* **Required work**
Could you repeat, word for word, the line with "Lustre Pendente 7 Globos Linear Arcado" and every line after it in the records below, leaving out any pictures?

*** Exercise data Section Begins ***

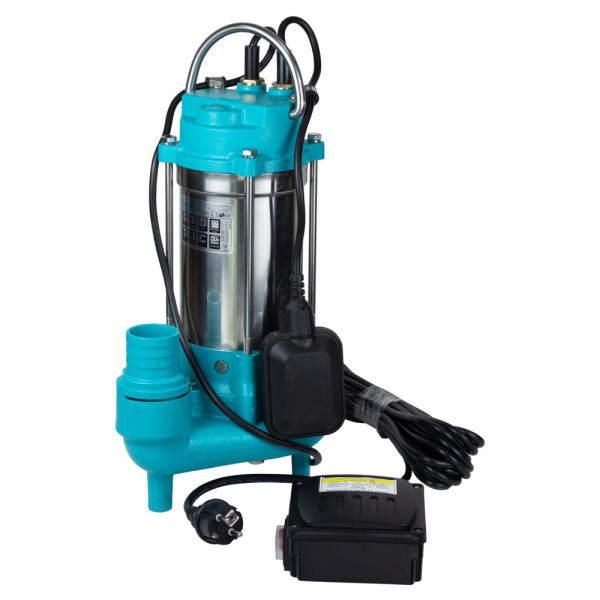 Насос канализационный 0.75кВт Hmax 12м Qmax 225л/мин с ножом AQUATICA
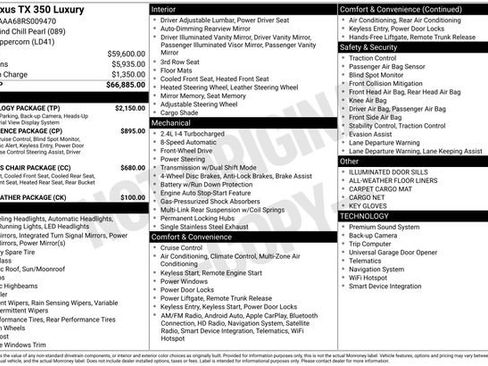 Used 2024 Lexus TX 350 FWD w/ Technology Package image 49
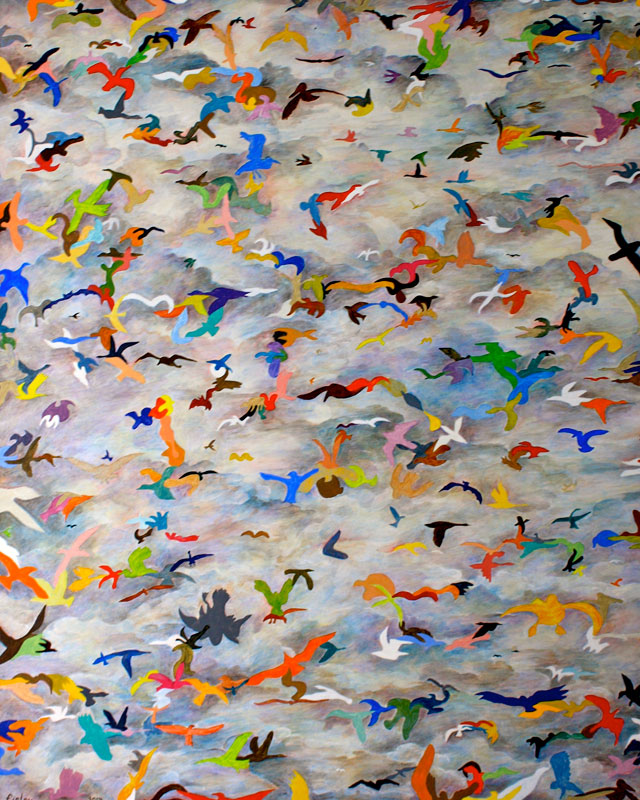Wildlife Refuge, oil on canvas, 48 x 60, 2014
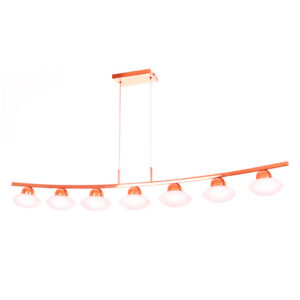 Lustre Pendente 7 Globos Linear Arcado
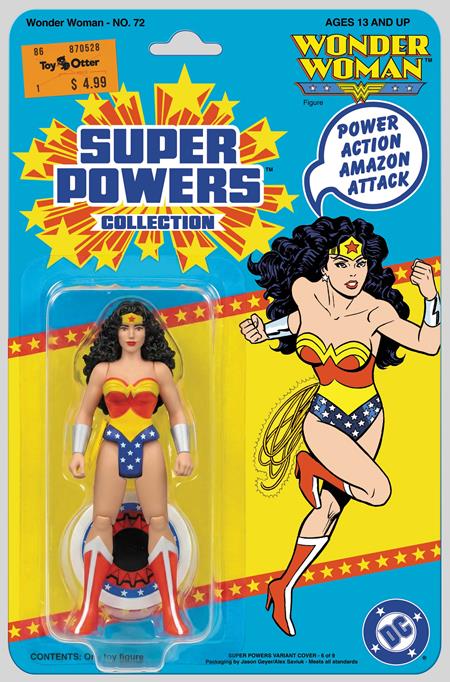 Wonder Woman #72 Facsimile B Jason Geyer & Alex Saviuk Wonder Woman Super Powers (09/23/2026) Dc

*** Exercise data Section Ends ***

* **Response box**
 Lustre Pendente 7 Globos Linear Arcado
 Wonder Woman #72 Facsimile B Jason Geyer & Alex Saviuk Wonder Woman Super Powers (09/23/2026) Dc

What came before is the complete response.